_Task_
Omit all pictures, and print word for word only the lines from the one containing "Used 2005 Ford Mustang Coupe RWD image 18" through the end of the data.

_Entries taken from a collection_
○ ○ ○

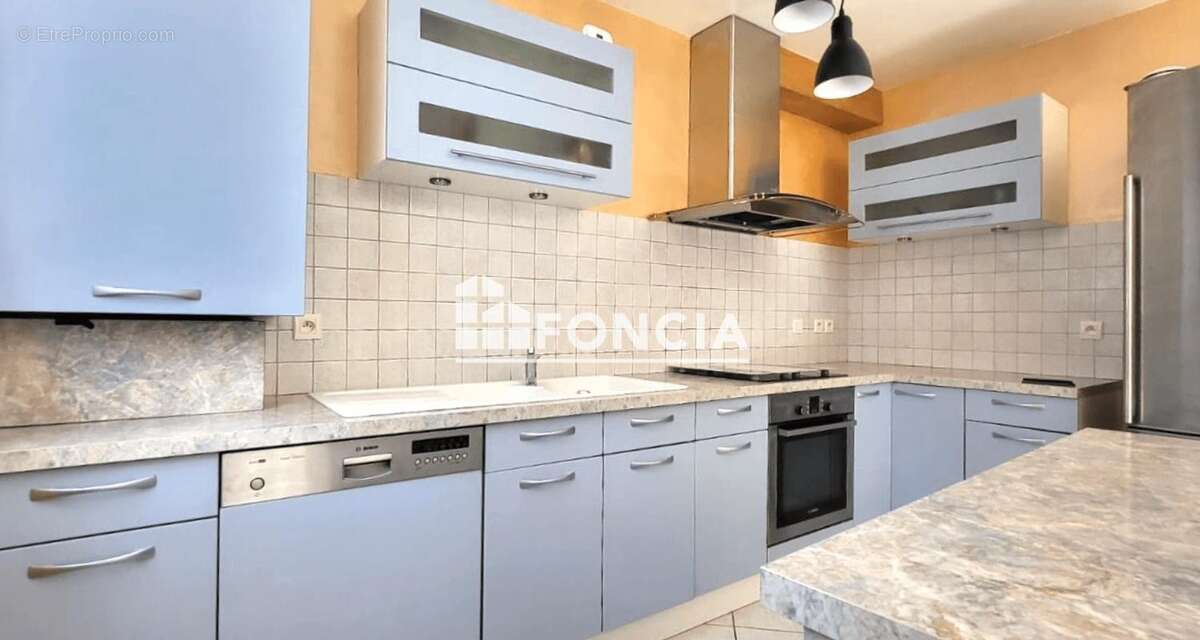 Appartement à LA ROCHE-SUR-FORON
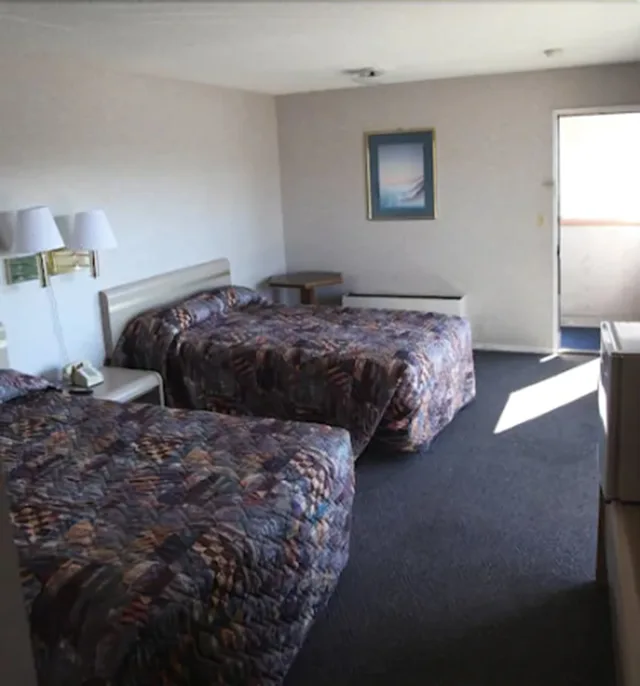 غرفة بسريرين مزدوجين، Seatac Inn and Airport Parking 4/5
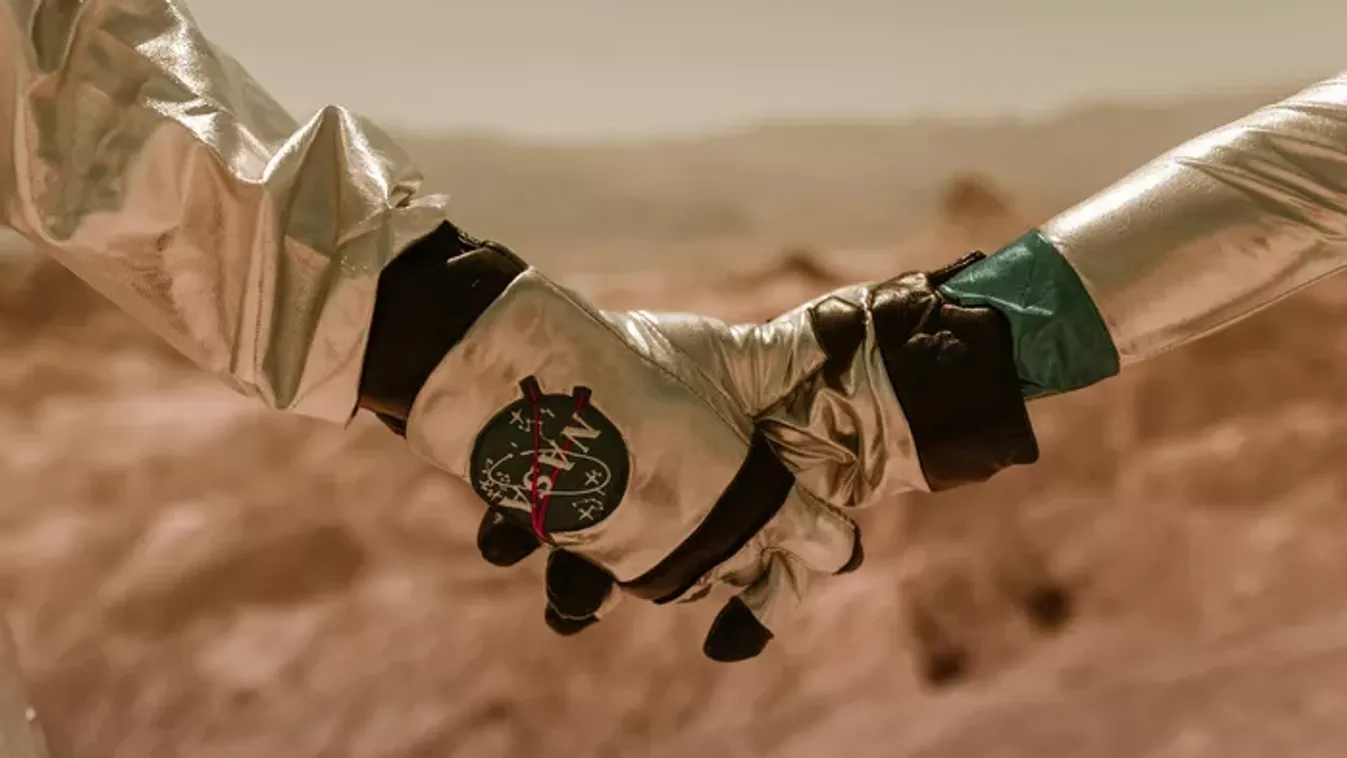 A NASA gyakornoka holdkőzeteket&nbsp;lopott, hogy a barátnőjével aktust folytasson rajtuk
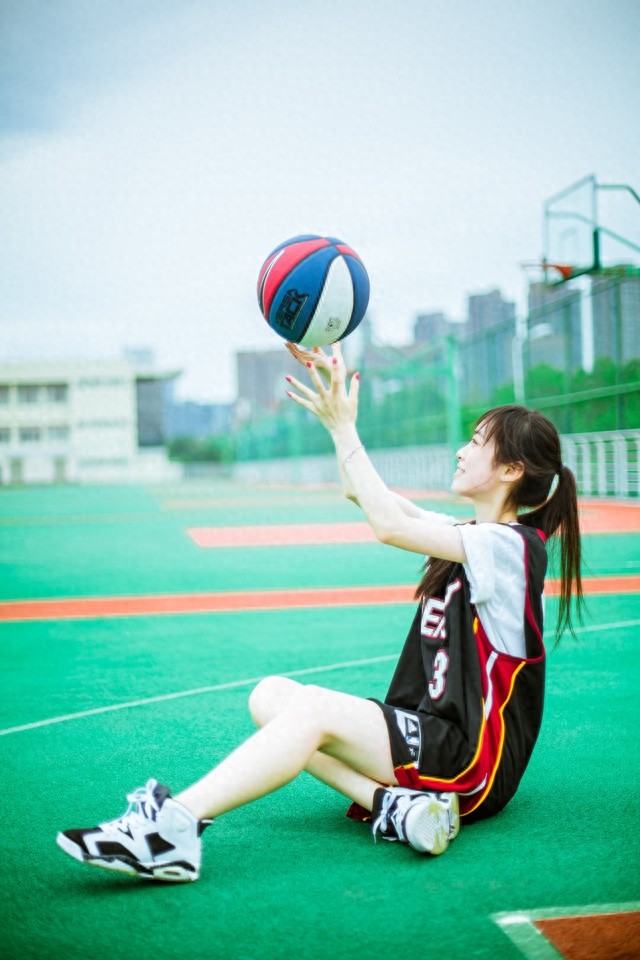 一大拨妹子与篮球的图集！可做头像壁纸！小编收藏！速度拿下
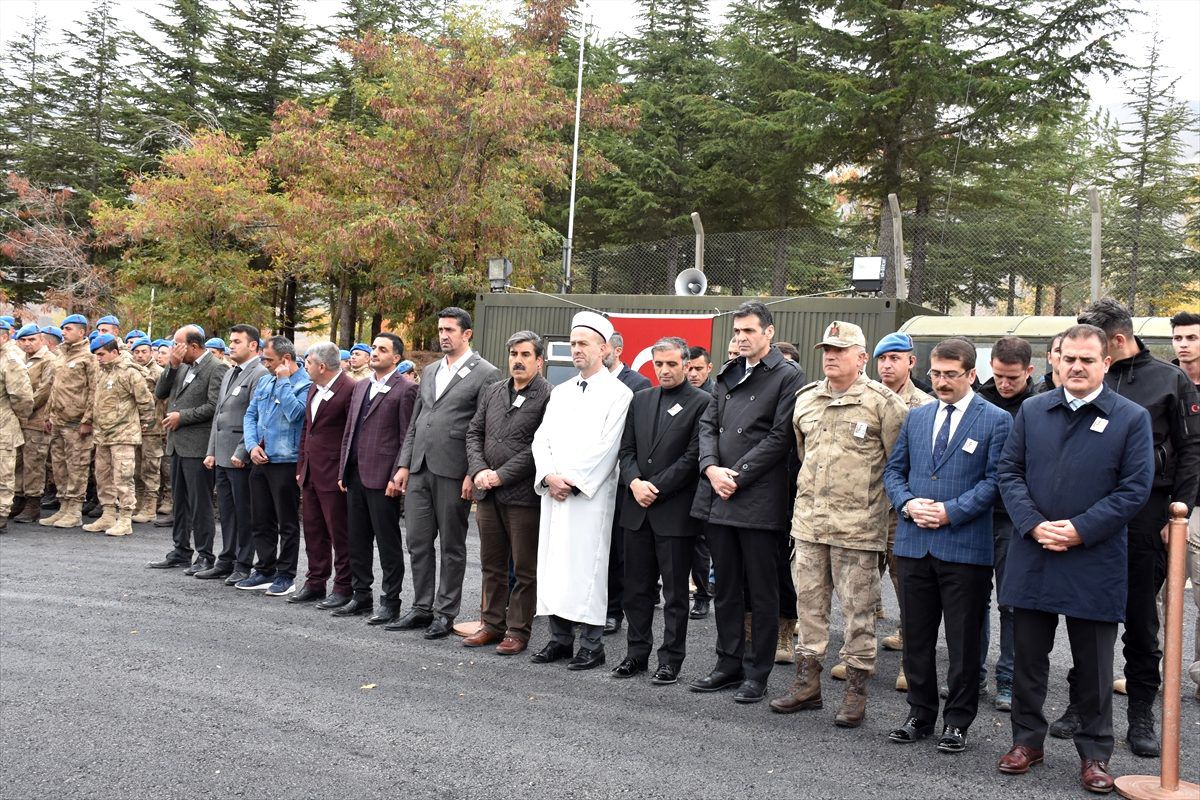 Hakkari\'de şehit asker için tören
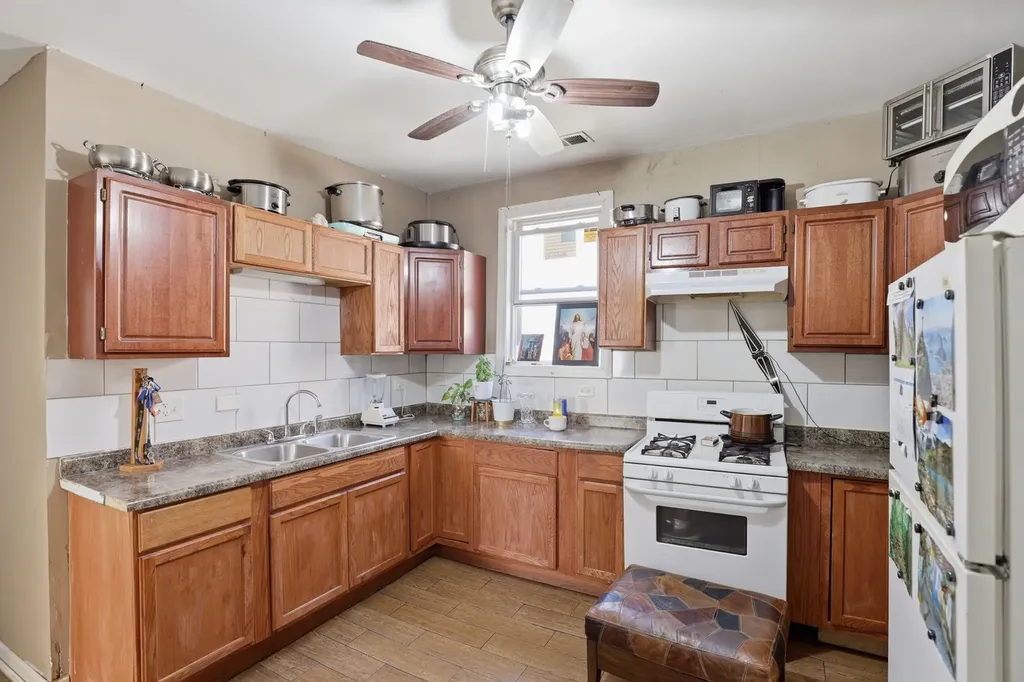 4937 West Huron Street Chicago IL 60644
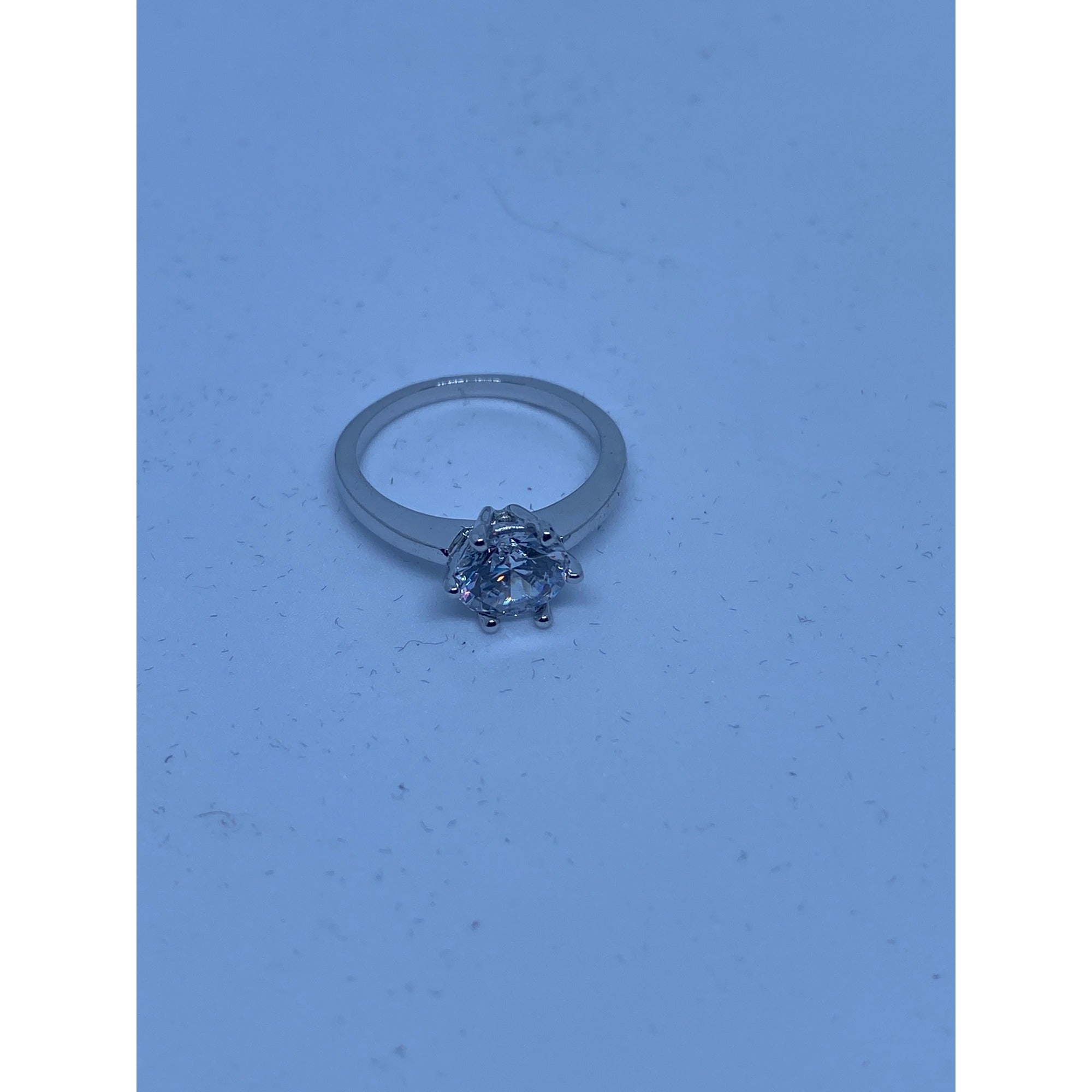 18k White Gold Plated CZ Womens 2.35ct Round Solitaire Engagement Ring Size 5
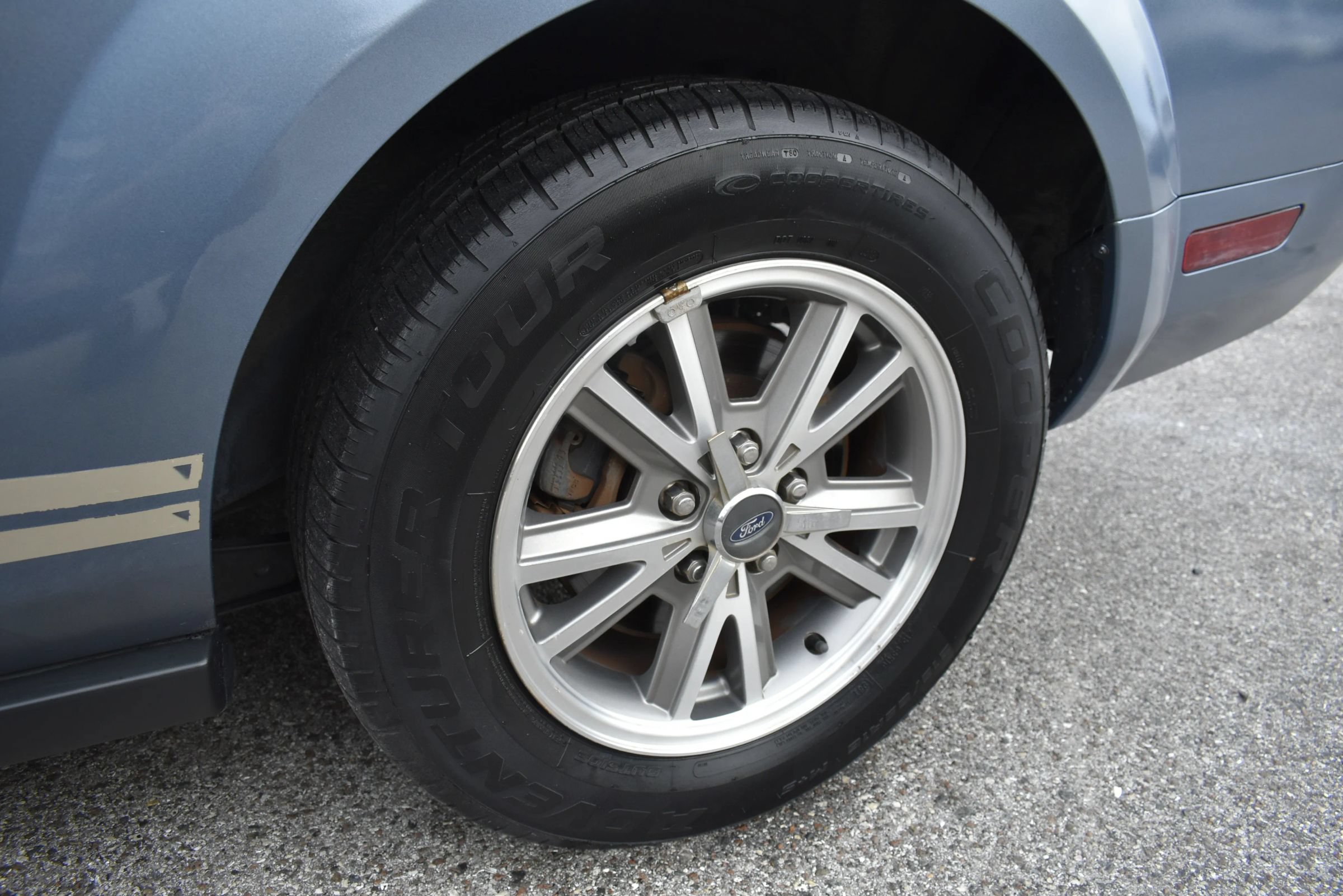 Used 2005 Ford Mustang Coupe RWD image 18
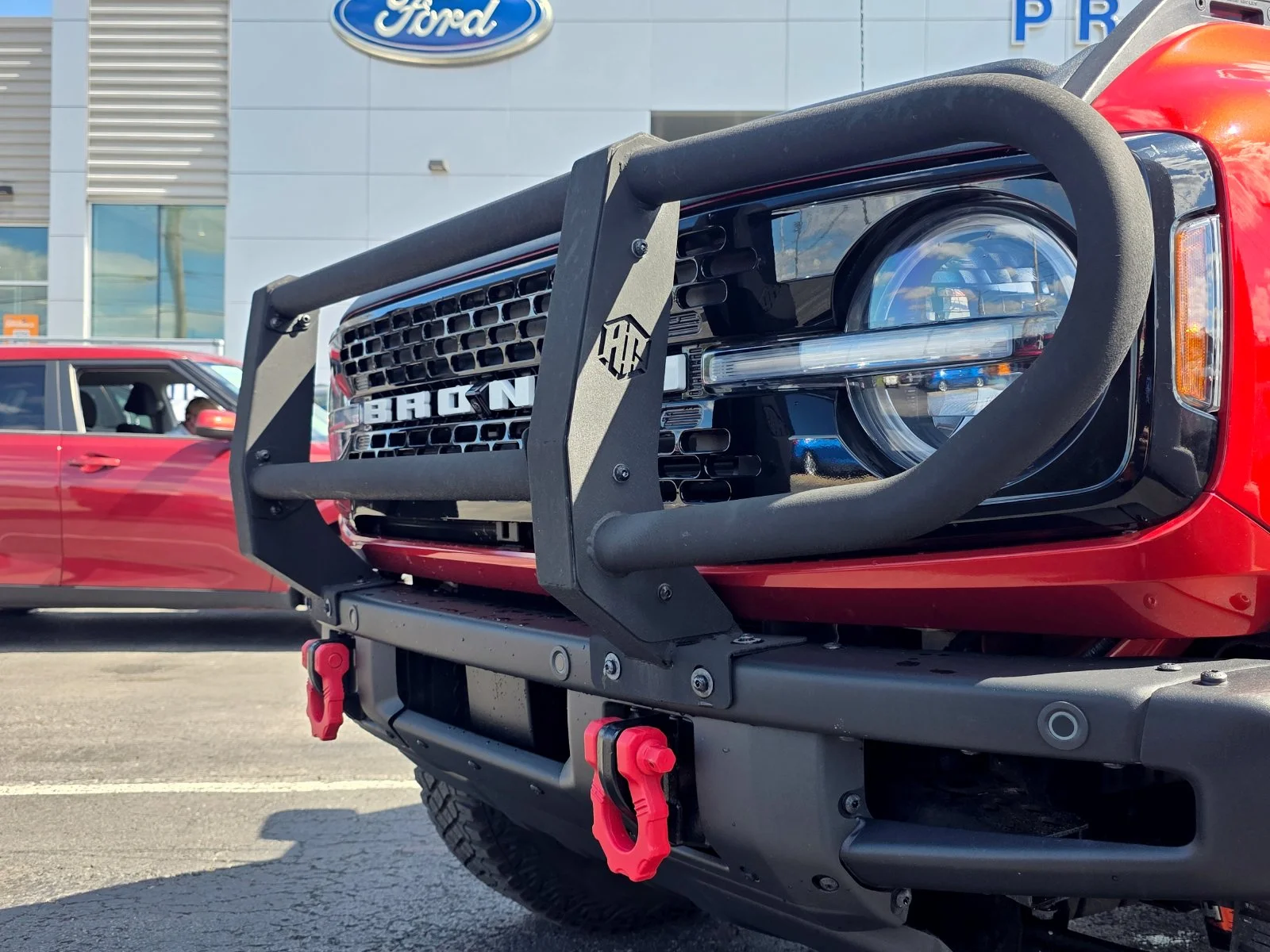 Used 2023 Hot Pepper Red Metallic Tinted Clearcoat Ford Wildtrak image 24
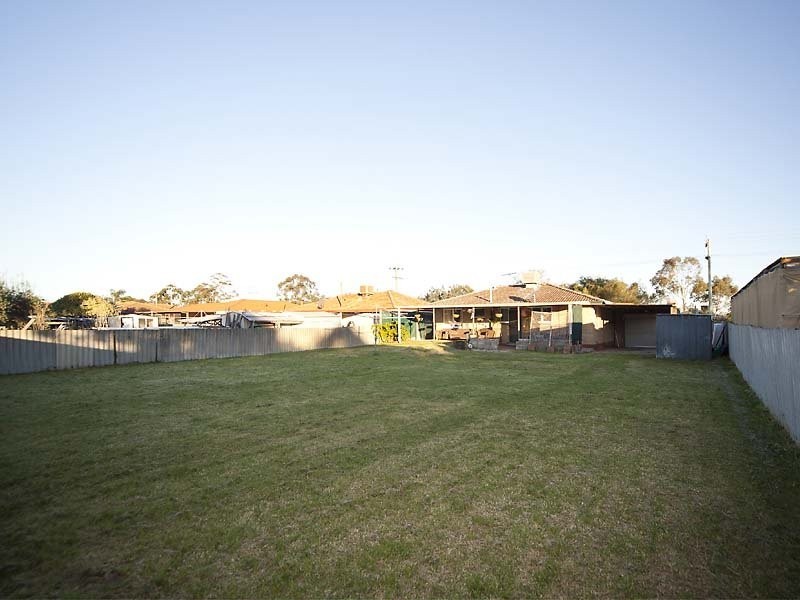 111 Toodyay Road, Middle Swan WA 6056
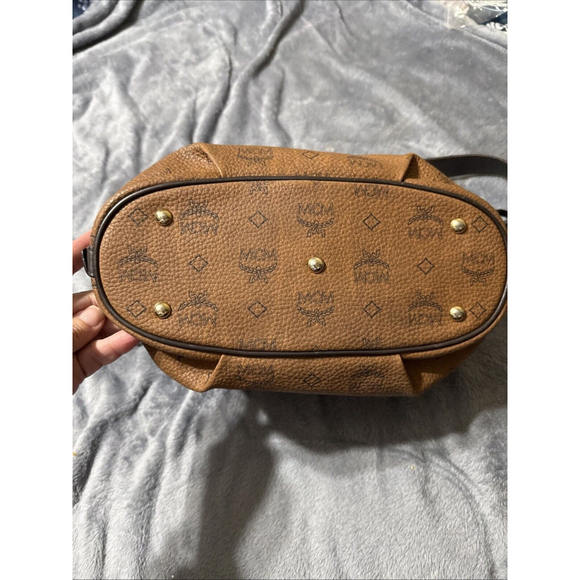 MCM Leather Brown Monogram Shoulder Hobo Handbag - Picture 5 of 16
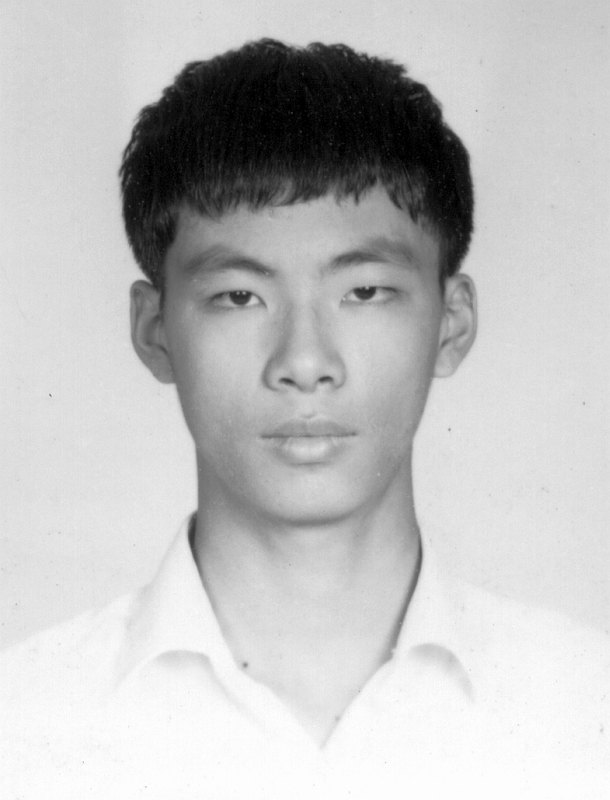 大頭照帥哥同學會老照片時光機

○ ○ ○

_Output_
 Used 2005 Ford Mustang Coupe RWD image 18
 Used 2023 Hot Pepper Red Metallic Tinted Clearcoat Ford Wildtrak image 24
 111 Toodyay Road, Middle Swan WA 6056
 MCM Leather Brown Monogram Shoulder Hobo Handbag - Picture 5 of 16
 大頭照帥哥同學會老照片時光機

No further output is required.